Billion control company

Nella sicurezza la tecnologia c’è, ma viene usata male e non in tempo reale. Nel privato come nel pubblico, il centro di tutto è la governance. Ne parliamo con Prescott Winter, Hp Cto nella sicurezza enterprise per il settore pubblico.

Un certo consolidamento è in atto nell’Ict, sia per motivi di concorrenza globale, sia per necessità d’integrazione. La tecnologia per svilupparsi non può avere i freni della grande azienda, ma quando poi si tratta di far funzionare l’insieme delle cose sono necessarie attenzioni a più ampio respiro. Abbiamo avuto l’occasione di parlarne con Prescott Winter, Hp Cto nella sicurezza enterprise per il settore pubblico.
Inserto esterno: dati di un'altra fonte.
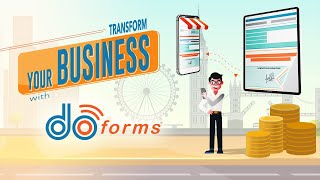 Collect, transform, and prepare mobile data easily with doForms (ENGLISH UK)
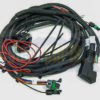26345 3 pin truck side wiring harness for isolation module 3 plug straight blade plow with 6 pin controller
Winter ha oltre trent’anni di esperienza nel settore: in particolare, ha trascorso 25 anni nella Nsa (National Security Agency), assumendo vari incarichi fino alla posizione di Cio.
Oggi nella sicurezza esiste una sfida principale: rendere governabile la complessità. Accessi, attacchi, malfunzionamenti sono eventi che vanno rilevati e gestiti automaticamente. “Grandi aziende hanno a disposizione tra 250 e 500 milioni di eventi al giorno”, inquadra Winter, “e alcune agenzie governative sfiorano il miliardo, sempre al giorno”. Governarli è possibile ma va svolto un lavoro ampio e automatico: “in alcuni casi, dispositivi difettosi hanno continuato a mal operare per mesi prima che venissero scoperti”.

Cybervista unica
Serve un ecosistema di cyberdifesa che allinei gli asset ad obiettivi e mission dell’attività per individuare e risolvere i problemi. “In Hp stiamo lavorando per integrare ed automatizzare sistemi privi di vulnerabilità e capaci di individuare le minacce in tempo reale, correlando tutti i processi in un’unica vista”. I singoli problemi non hanno effetto solo locale, ma in qualche modo hanno un decorso che ha imprevedibile ma reale effetto nel lungo termine.
La proposta Hp intende offrire a grandi organizzazioni una visibilità contestualizzata e in tempo reale delle minacce negli ambienti tradizionali, mobili e cloud. “Oggi il punto centrale non è la tecnologia, ma il modo in cui viene usata”, sostiene Winter: “le aziende e i pubblici uffici hanno dispositivi di qualità ma non riescono ad usarli: non c’è piena comprensione degli asset”.
Certamente la consapevolezza dell’integrazione e della semplicità operativa si sta facendo strada, ma c’è ancora molto da fare. “Il nostro interlocutore preferito è il Cio, la nostra migliore finestra è composta da Cio e Cfo”, spiega, senza grande sorpresa. “Non si tratta di vendere, ma di spiegare ai mission leader quali sono i loro asset e cosa succede se non funzionano”.
Riuscire in questo compito sposta la sicurezza da rischio a abilitatore dell’attività.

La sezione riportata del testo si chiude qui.